Bookstore comparison: WalMart, Costco, Target
And…… that’s basically it. Could these be the types of physical bookstores/booksellers that survive?
Sure, this is all an inexact comparison as music isn’t quite the same thing as books. Book piracy has not (at least yet) become the existential crisis that it was to music and bookstores have arguably a bit more potential for incorporating live events into their offerings, at least without upsetting the neighbors with loud music (though some record stores definitely have some great shows).
As much as I’m rooting for bookstores, ultimately I find it a bit tough to imagine huge box stores devoted solely to books still around in significant numbers a decade from now. That’s a lot of overhead to support and infrastructure to pay for when they’re competing against online vendors with significantly less or virtually no overhead. It wasn’t a sustainable model for music when a substantial chunk of sales left for Amazon and iTunes, and book box stores are going to face similar challenges.

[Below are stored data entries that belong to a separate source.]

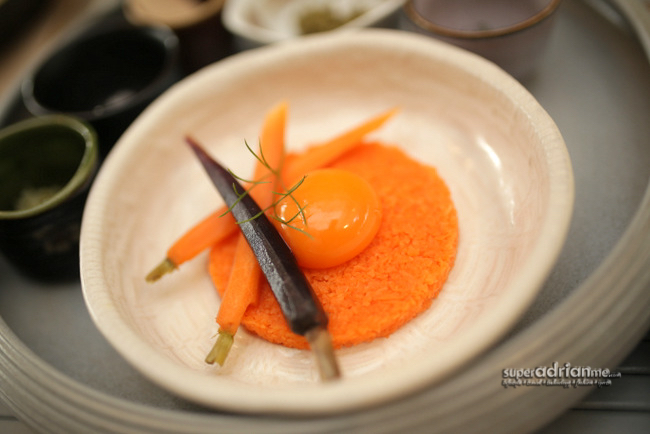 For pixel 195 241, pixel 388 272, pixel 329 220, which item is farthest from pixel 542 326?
pixel 195 241

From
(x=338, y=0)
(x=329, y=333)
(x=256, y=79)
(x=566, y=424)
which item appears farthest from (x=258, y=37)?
(x=566, y=424)

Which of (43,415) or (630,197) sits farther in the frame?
(630,197)

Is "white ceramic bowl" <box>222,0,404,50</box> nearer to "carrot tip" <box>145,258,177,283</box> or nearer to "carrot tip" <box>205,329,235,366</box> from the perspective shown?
"carrot tip" <box>145,258,177,283</box>

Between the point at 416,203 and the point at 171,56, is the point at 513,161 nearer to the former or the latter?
the point at 416,203

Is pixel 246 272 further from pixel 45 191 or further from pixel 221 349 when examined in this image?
pixel 45 191

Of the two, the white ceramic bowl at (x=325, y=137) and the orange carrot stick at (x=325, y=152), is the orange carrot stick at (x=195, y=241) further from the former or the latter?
the orange carrot stick at (x=325, y=152)

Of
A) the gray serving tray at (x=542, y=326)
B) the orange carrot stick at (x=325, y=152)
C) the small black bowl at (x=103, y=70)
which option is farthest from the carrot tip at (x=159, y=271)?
the small black bowl at (x=103, y=70) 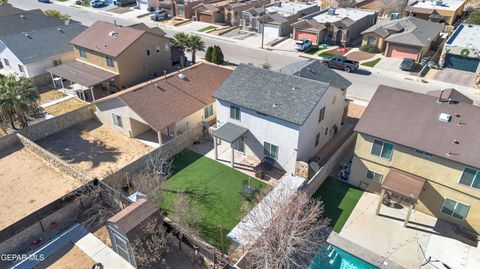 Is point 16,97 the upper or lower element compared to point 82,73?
upper

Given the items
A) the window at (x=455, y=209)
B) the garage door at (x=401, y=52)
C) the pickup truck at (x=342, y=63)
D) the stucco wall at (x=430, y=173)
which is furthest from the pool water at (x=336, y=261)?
the garage door at (x=401, y=52)

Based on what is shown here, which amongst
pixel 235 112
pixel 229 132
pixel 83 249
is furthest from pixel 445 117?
pixel 83 249

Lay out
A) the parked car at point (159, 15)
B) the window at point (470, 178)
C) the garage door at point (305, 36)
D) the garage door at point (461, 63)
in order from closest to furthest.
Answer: the window at point (470, 178), the garage door at point (461, 63), the garage door at point (305, 36), the parked car at point (159, 15)

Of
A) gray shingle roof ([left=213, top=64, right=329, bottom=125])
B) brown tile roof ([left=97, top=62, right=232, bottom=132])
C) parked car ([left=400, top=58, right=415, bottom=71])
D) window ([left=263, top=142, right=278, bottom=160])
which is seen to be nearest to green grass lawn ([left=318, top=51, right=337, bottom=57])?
parked car ([left=400, top=58, right=415, bottom=71])

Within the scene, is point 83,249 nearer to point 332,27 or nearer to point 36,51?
point 36,51

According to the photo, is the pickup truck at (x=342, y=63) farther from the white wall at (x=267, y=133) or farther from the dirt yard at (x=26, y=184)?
the dirt yard at (x=26, y=184)

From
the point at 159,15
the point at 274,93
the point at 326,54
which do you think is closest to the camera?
the point at 274,93

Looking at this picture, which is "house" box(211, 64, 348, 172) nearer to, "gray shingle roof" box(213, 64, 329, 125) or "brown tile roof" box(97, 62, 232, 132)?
"gray shingle roof" box(213, 64, 329, 125) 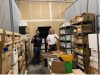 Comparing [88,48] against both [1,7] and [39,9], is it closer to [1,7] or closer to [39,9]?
[1,7]

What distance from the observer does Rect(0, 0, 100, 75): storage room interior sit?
5.00 meters

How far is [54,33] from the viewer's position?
8406 millimetres

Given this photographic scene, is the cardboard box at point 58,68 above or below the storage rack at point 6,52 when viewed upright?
below

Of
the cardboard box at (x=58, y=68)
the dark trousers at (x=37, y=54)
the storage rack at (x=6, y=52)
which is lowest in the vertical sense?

Still, I also can’t imagine bookstores disappearing entirely. There is too much love for physical books, too much value provided by bookstores, and I think people will still pay a premium to shop local and for a personal touch. It may be a perpetually tough landscape to survive in, but I think the gems will make it.
Oh, and there’s still one more thing working in bookstores’ favor. Whether through a mix of nostalgia or a thirst for authentic experience, vinyl record sales are the highest they’ve been since at least 1991.
What do you think? Are record stores an apt comparison and are there other types of bookstores that will make it?